§ **Extracted records**
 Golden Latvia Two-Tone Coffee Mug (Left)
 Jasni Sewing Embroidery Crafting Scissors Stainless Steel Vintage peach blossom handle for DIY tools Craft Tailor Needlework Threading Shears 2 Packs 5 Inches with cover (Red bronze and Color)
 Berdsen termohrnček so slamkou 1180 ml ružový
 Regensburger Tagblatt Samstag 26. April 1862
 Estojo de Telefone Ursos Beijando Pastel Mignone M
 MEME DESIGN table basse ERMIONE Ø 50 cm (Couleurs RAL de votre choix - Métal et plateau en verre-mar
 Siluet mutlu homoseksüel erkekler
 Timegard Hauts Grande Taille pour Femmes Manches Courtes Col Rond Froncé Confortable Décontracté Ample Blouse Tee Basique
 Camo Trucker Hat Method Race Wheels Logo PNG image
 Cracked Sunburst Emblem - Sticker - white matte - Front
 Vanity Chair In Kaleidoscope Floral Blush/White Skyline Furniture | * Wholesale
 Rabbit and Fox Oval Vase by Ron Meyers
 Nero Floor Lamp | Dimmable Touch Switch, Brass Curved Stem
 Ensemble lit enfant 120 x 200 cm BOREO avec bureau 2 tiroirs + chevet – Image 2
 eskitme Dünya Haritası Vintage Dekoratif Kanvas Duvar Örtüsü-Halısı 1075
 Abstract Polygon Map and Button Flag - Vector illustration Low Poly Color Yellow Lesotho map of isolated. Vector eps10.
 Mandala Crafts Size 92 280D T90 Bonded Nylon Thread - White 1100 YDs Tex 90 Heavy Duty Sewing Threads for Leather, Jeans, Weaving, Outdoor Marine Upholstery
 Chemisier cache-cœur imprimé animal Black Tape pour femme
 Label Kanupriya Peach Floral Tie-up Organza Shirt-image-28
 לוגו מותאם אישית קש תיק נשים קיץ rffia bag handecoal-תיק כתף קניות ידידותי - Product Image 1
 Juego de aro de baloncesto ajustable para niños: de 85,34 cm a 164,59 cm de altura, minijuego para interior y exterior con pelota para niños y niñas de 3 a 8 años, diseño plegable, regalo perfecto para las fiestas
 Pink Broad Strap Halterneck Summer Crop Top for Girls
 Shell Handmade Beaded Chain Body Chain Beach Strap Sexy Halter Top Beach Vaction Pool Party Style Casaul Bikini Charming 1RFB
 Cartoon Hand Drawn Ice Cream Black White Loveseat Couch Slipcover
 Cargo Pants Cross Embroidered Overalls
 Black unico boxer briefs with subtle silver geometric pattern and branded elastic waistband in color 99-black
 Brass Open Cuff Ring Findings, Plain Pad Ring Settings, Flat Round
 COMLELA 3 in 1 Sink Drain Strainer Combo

§ **What to work on**
Your answer should be all of the records, transcribed exactly.

§ **Solution for this task**
 Golden Latvia Two-Tone Coffee Mug (Left)
 Jasni Sewing Embroidery Crafting Scissors Stainless Steel Vintage peach blossom handle for DIY tools Craft Tailor Needlework Threading Shears 2 Packs 5 Inches with cover (Red bronze and Color)
 Berdsen termohrnček so slamkou 1180 ml ružový
 Regensburger Tagblatt Samstag 26. April 1862
 Estojo de Telefone Ursos Beijando Pastel Mignone M
 MEME DESIGN table basse ERMIONE Ø 50 cm (Couleurs RAL de votre choix - Métal et plateau en verre-mar
 Siluet mutlu homoseksüel erkekler
 Timegard Hauts Grande Taille pour Femmes Manches Courtes Col Rond Froncé Confortable Décontracté Ample Blouse Tee Basique
 Camo Trucker Hat Method Race Wheels Logo PNG image
 Cracked Sunburst Emblem - Sticker - white matte - Front
 Vanity Chair In Kaleidoscope Floral Blush/White Skyline Furniture | * Wholesale
 Rabbit and Fox Oval Vase by Ron Meyers
 Nero Floor Lamp | Dimmable Touch Switch, Brass Curved Stem
 Ensemble lit enfant 120 x 200 cm BOREO avec bureau 2 tiroirs + chevet – Image 2
 eskitme Dünya Haritası Vintage Dekoratif Kanvas Duvar Örtüsü-Halısı 1075
 Abstract Polygon Map and Button Flag - Vector illustration Low Poly Color Yellow Lesotho map of isolated. Vector eps10.
 Mandala Crafts Size 92 280D T90 Bonded Nylon Thread - White 1100 YDs Tex 90 Heavy Duty Sewing Threads for Leather, Jeans, Weaving, Outdoor Marine Upholstery
 Chemisier cache-cœur imprimé animal Black Tape pour femme
 Label Kanupriya Peach Floral Tie-up Organza Shirt-image-28
 לוגו מותאם אישית קש תיק נשים קיץ rffia bag handecoal-תיק כתף קניות ידידותי - Product Image 1
 Juego de aro de baloncesto ajustable para niños: de 85,34 cm a 164,59 cm de altura, minijuego para interior y exterior con pelota para niños y niñas de 3 a 8 años, diseño plegable, regalo perfecto para las fiestas
 Pink Broad Strap Halterneck Summer Crop Top for Girls
 Shell Handmade Beaded Chain Body Chain Beach Strap Sexy Halter Top Beach Vaction Pool Party Style Casaul Bikini Charming 1RFB
 Cartoon Hand Drawn Ice Cream Black White Loveseat Couch Slipcover
 Cargo Pants Cross Embroidered Overalls
 Black unico boxer briefs with subtle silver geometric pattern and branded elastic waistband in color 99-black
 Brass Open Cuff Ring Findings, Plain Pad Ring Settings, Flat Round
 COMLELA 3 in 1 Sink Drain Strainer Combo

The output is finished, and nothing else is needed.